Last night, one ventured forth with two goals; first: get a decent night shot showing as much of the Greenpoint Avenue Bridge as I could get into frame, second: try and get some equally nocturnal shots of the trains moving around on the Queens side in Blissville. While I was shooting the former, the GPA Bridge suddenly opened to allow a tug and barge through, which is how I got those light streaks in the shot above – they’re the running lights of the tug. Yay.

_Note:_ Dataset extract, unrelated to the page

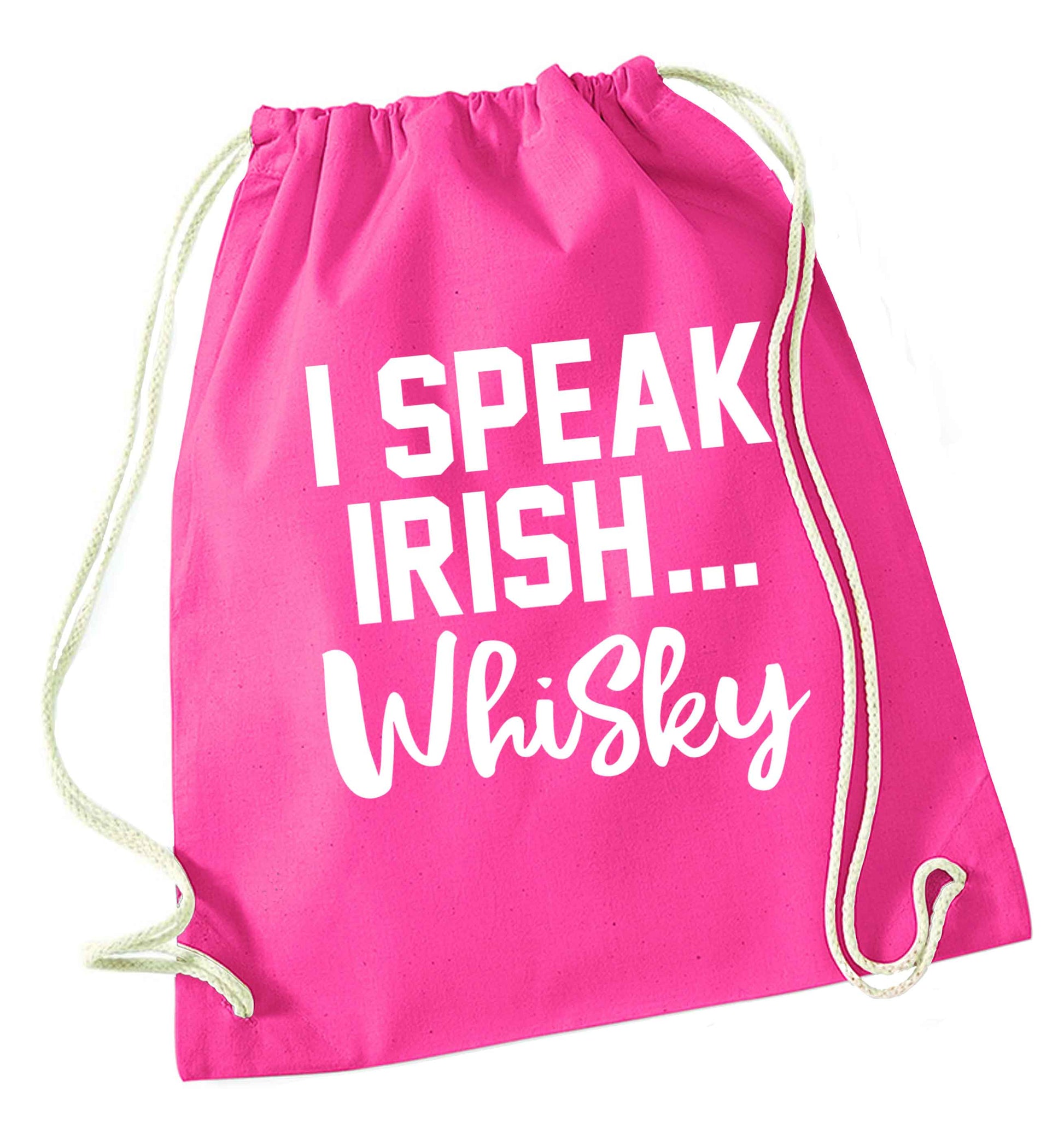 I speak Irish whisky pink drawstring bag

By the time I got to the Queens side, the railroad guys seemed to have done all the moving stuff around they needed to do for a while, but I hung around for about 45 minutes and waved the camera and tripod around at a few things.

– photo by Mitch Waxman

Before you ask, this spot in DUGABO is likely not where Amazon is going to base itself. A humble narrator received several phone calls about the subject yesterday, but I’m as clueless as to that tale as everyone who is not Gubernatorial staff is. The ways of the Dark Prince of Albany are subtle, and manifest in secret. Do not try to peer too deeply at the abyss that the Dark Prince dwells within, for he may notice and fix his gaze upon you. When the Dark Prince reveals his intentions, the children will rejoice, but prior to that only lament will be theirs and ours.

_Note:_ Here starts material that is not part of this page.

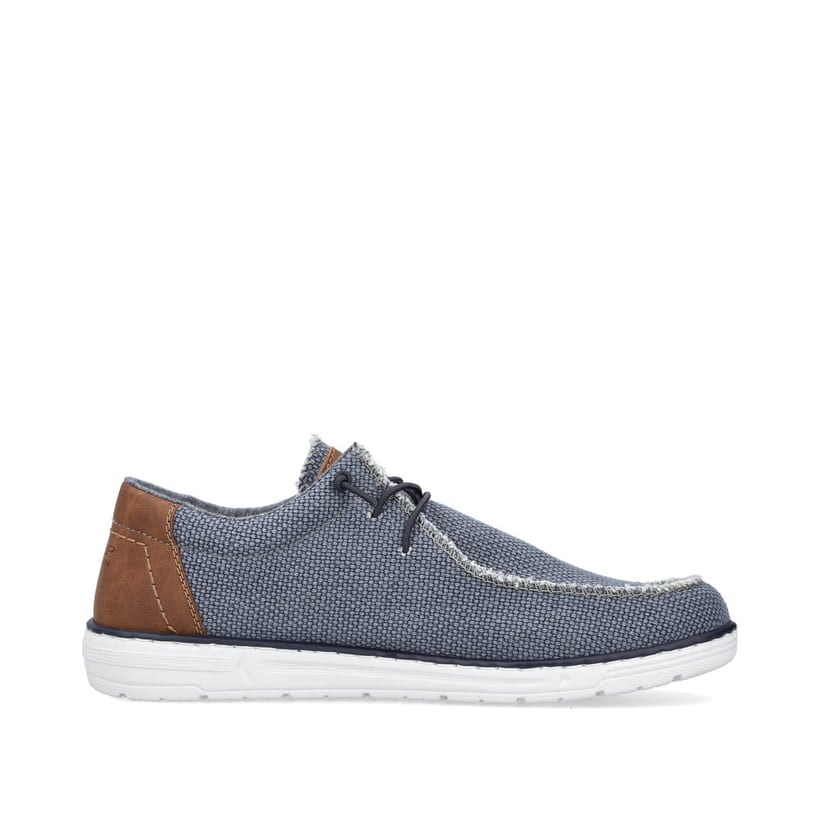 Chaussons Rieker bleus pour homme 08600-12 avec bande élastique. Intérieur de la chaussure.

Seriously, not a clue. I’m reading the papers too, that’s all I’ve got. I also have no opinion on “good or bad” yet, since I have no information at all to work with. I’ve asked around as well, and have received a universal “dunno.”

– photo by Mitch Waxman

On my way home, this odd little monument to workplace safety was encountered in Blissville in front of the world’s largest Fortune Cookie Bakery, a distinction which Long Island City has long enjoyed being the home of.